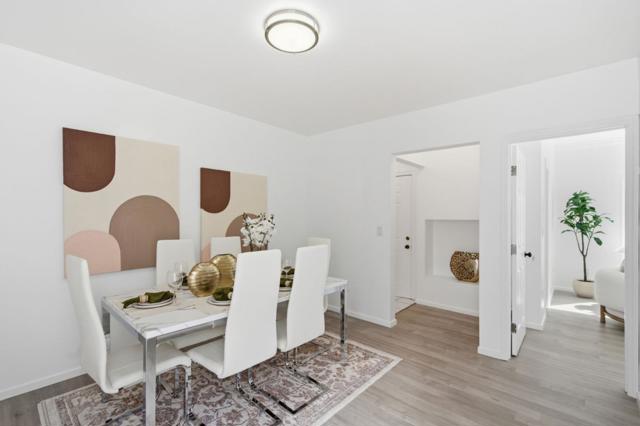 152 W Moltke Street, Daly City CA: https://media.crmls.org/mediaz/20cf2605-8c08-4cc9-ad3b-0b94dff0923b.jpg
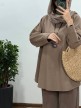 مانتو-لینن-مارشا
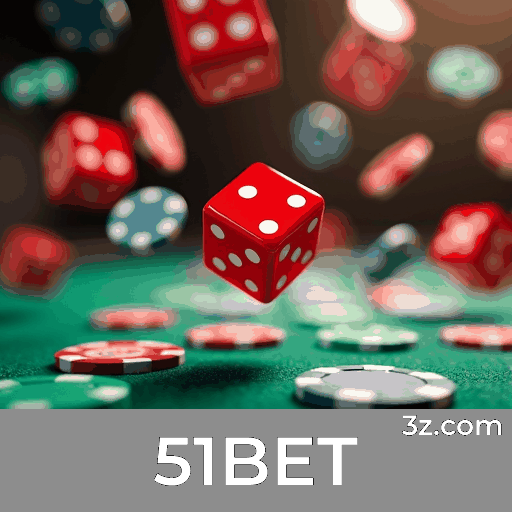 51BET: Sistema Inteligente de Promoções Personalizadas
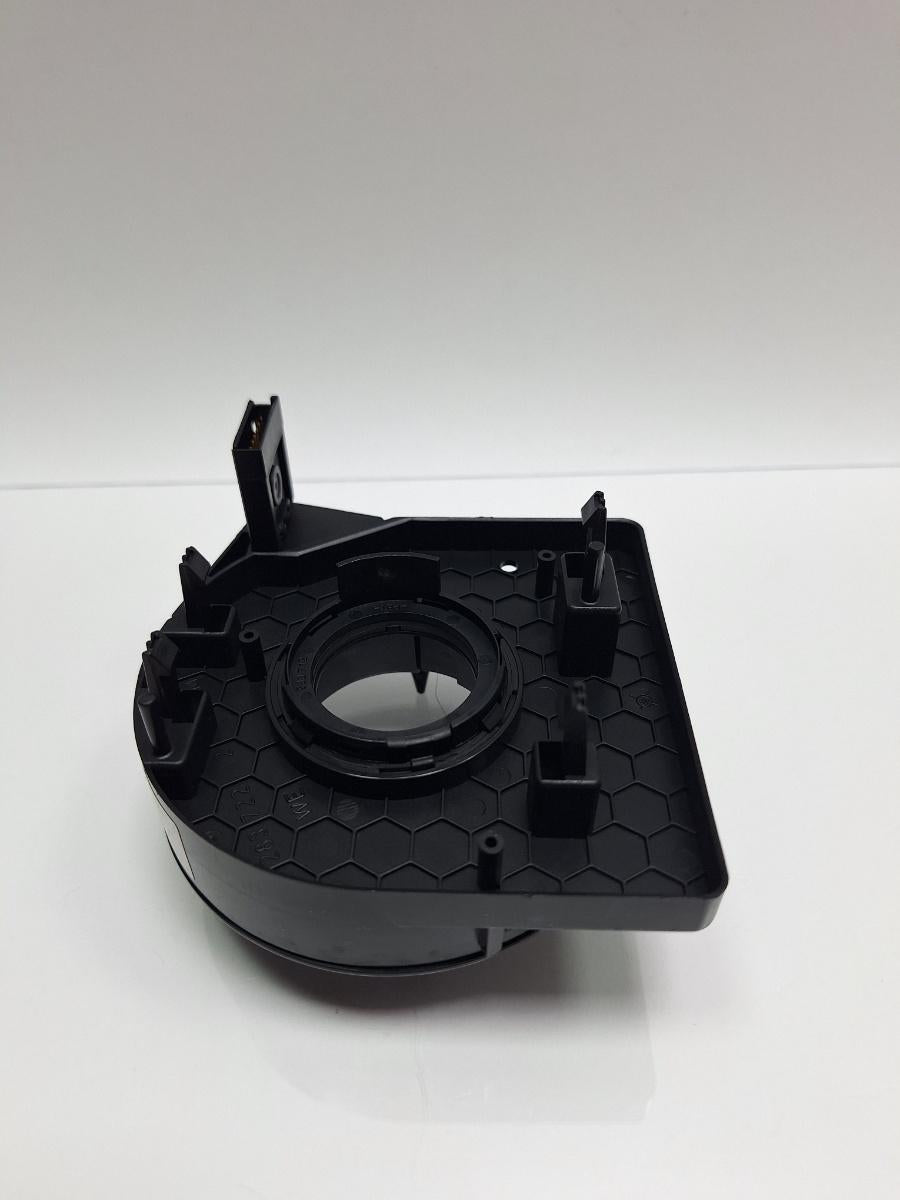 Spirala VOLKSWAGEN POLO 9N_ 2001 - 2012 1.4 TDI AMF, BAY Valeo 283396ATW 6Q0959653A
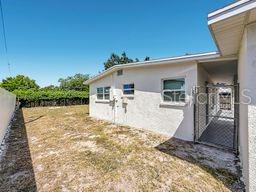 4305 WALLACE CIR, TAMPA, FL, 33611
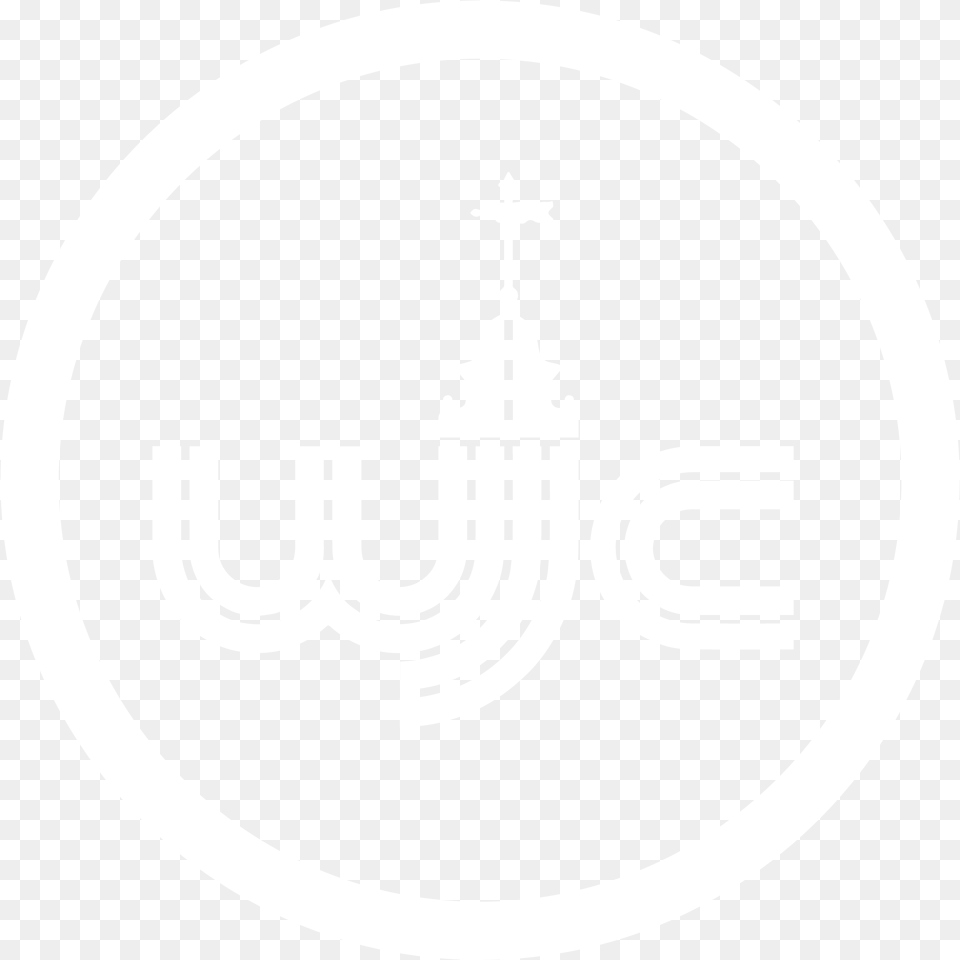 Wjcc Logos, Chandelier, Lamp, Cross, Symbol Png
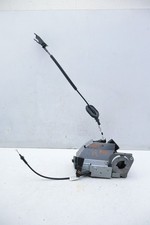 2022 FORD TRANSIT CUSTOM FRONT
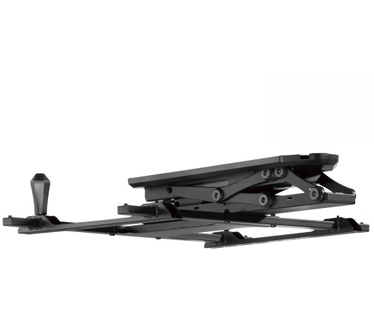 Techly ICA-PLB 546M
+ + + + + + +
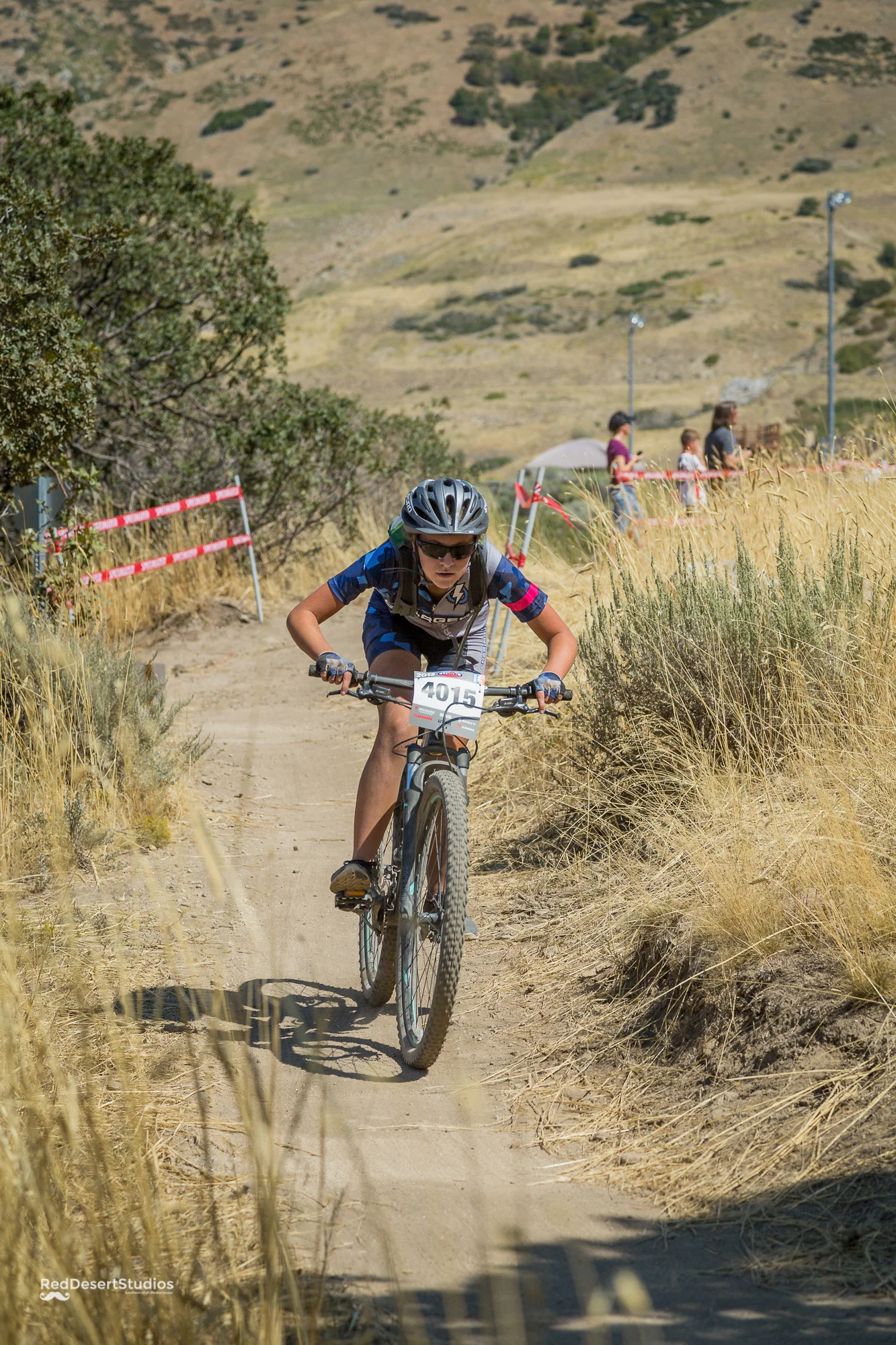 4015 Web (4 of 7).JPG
+ + + + + + +
Your task:
Repeat, word for word, the lines of the material above from the one holding "51BET: Sistema Inteligente" through the one holding "Techly ICA-PLB 546M". Leave out pictures.

Response to the task:
 51BET: Sistema Inteligente de Promoções Personalizadas
 Spirala VOLKSWAGEN POLO 9N_ 2001 - 2012 1.4 TDI AMF, BAY Valeo 283396ATW 6Q0959653A
 4305 WALLACE CIR, TAMPA, FL, 33611
 Wjcc Logos, Chandelier, Lamp, Cross, Symbol Png
 2022 FORD TRANSIT CUSTOM FRONT
 Techly ICA-PLB 546M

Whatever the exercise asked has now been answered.